On the west, the southern part of the Central Nevada thrust belt consists of three east-directed thrust systems that branch northward off of the Sevier fold-thrust belt, which accommodated 10-15 km of total shortening prior to intrusion of ~86-98 Ma granites. In the northern part of the Central Nevada thrust belt, the Eureka culmination (a regional-scale anticline) was constructed above east-directed thrust faults during ~114-99 Ma syn-contractional deposition of the Newark Canyon Formation. To the east, the 100-150 km-wide Eastern Nevada fold belt contains five, 100-250 km-long, north-trending folds that have crest-to-trough heights of 2-4 km. These folds locally deform rocks as young as early Jurassic and mid-Cretaceous, and accommodated ~15 km of total shortening. Moving eastward, the Western Utah thrust belt contains east-directed thrust faults and related folds that accommodated ~10 km of shortening, likely between ~93-77 Ma based on correlation with syn-metamorphic contractional structures in the Northern Snake Range.
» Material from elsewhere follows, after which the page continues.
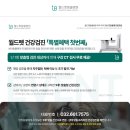 폴리파크 부천 중동점 네이버블로그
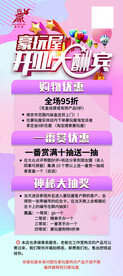 开业酬宾豪玩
Collectively, these structural provinces accommodated ~35-40 km of shortening within the Sevier hinterland, much of which was likely contemporaneous with the 220 km of shortening accommodated in the Cretaceous-Paleocene Sevier fold-thrust belt in west-central Utah.
By the latest Cretaceous, a 200-250 km-wide orogenic plateau had been constructed in eastern Nevada and western Utah, as supported by reconstructions of extension (50-60 km crustal thicknesses) and paleoaltimetry (2.75-3.5 km elevations). This brings into question the dominant thickening process that built such a broad plateau. The Sevier fold-thrust belt deformed a Neoproterozoic-Jurassic sedimentary package that thickened westward from a 2-3 km-thick platform section that overlies the 40 km-thick unrifted craton to a 15-20 km-thick continental margin section that was deposited above middle-lower crust that was significantly thinned during Neoproterozoic rifting. Shortening in the Sevier fold-thrust belt translated this thick continental margin section 220 km eastward, which resulted in the relative westward underthrusting of an equivalent length of thick cratonic basement beneath the Sevier hinterland; this was likely the dominant thickening process that constructed the broad hinterland plateau. The reconstructed western edge of the underthrusted craton (which lies at the approximate longitude of Eureka and Elko) coincides with the western limit of 2.75-3.5 km paleoelevations, which supports this interpretation.
Biography:
Sean Long is a structural geology professor at the School of the Environment at Washington State University, where he has worked since 2015. Prior to this, he was a research professor at the Nevada Bureau of Mines and Geology at the University of Nevada, Reno, between 2010-2015. Sean is originally from northern Idaho, and he earned a B.S. degree in Mathematics from the College of Idaho in 2001, a M.S. degree in Geology from Idaho State University in 2004, and a Ph.D. in Geology from Princeton University in 2010. Sean’s research focuses on investigating the structural evolution of contractional and extensional mountain belts, including the Himalayan-Tibetan orogen (Bhutan and northwestern India), the North American Cordillera and Basin and Range Province (Nevada, Utah, and Idaho), and the Andes (Bolivia). Sean’s research approach involves integrating mapping-based field data with a diverse suite of datasets, including balanced cross-sections, regional structural reconstructions, geochronology, thermochronometry, metamorphic temperatures and pressures, and microstructural analyses. Major themes of Sean’s research include developing new approaches for large-scale structural reconstructions, performing field-based tests of the predictions of models for the long-term dynamics of mountain belts, and integrating microstructural and metamorphic datasets to investigate ductile shear zones.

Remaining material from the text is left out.